送信側装置1からの再送信を受け、再びNSS、TSI、DCSを受信した場合には、この場合も電話番号と通信番号の対は記憶されているのでS88に進み、フラグがONであるのでS90においてCFRを送信することになる。このようにして送信側装置1で送信開始ページを再設定したときには、フラグによってFNVを送出せずにCFRを送出する。送信側装置1では、再設定した送信開始ページの画像から順次送信してくるので、S91〜S94により順次受信してゆくことになる。画像の受信およびその後の処理は上述したとおりである。
このようにして、通信エラーなどによって通信が中断した後、送信側装置1から再送を行う場合には、受信側装置2に表裏が完結していない受信済みの画像が残っているか否かを応答信号によって通知し、これによって送信側装置1から送信するページを決定することができるようになる。従って、受信側装置2に送信済みの画像が残されていれば、それらの画像については送信しなくてよく、通信時間の短縮および通信コストの削減を図ることができる。
なお、図4に示す受信動作の一例では、再送信を受ける際に先の通信で受信した画像が残っているか否かのみを判断しているが、例えば送信側装置1から送信開始ページの情報が送られてきている場合、その送信開始ページでよいか否かも含めて判断してもよい。このとき、送信側装置1に対して受信を開始すべきページを送信するように構成してもよい。
図5は、受信側装置における画像削除動作の一例を示すフローチャートである。上述のように、受信側装置2では、通信エラーが発生した場合にはそれまで受信して表裏が完結していない画像をそのまま情報格納部22に残している。しかし、送信側装置1から再送信されない可能性もあり、そのような場合には表裏が完結していない画像が情報格納部22にいつまでも滞留し、他の処理に支障を来す場合もある。そのため、ここでは所定時間経過したら、このような画像を削除するようにしている。

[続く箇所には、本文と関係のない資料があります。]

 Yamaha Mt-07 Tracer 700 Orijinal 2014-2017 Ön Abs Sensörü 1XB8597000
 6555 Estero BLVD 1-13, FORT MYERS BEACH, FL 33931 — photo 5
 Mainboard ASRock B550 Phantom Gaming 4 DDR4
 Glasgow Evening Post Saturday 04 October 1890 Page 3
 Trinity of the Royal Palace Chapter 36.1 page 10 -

すなわち、S101において、現在時刻から受信時刻を減算し、経過時間を取得する。受信時刻は図4のS92において更新しており、最終の受信時刻からの経過時間を取得できる。この経過時間と所定の時間とを比較し、経過時間が所定時間内であれば、情報格納部12に格納されている画像はそのまま格納しておく。また、経過時間が所定時間以上となった場合には、S102において、受信して情報格納部12に格納してある画像を削除し、情報格納部12の空き容量を増加させる。なお、画像を削除しても、電話番号と通信番号の対などの管理データはそのまま保存しておく。このように電話番号と通信番号の対を保存しておくことによって、送信側装置1から再送信を受けた場合に、画像が保存されていなくても再送信であることを認識することができるとともに、画像の保存の有無を送信側装置1に報知することができる。
ここでは所定時間の経過により情報格納部12に格納されている受信画像の削除を行う例を示したが、これに限らず、例えば情報格納部12の空き容量が所定値以下となった場合に受信画像の削除を行うように構成してもよい。もちろん、両方の条件を用いたり、そのほかの条件を用いるなど、受信画像を削除する条件としては任意に設定可能である。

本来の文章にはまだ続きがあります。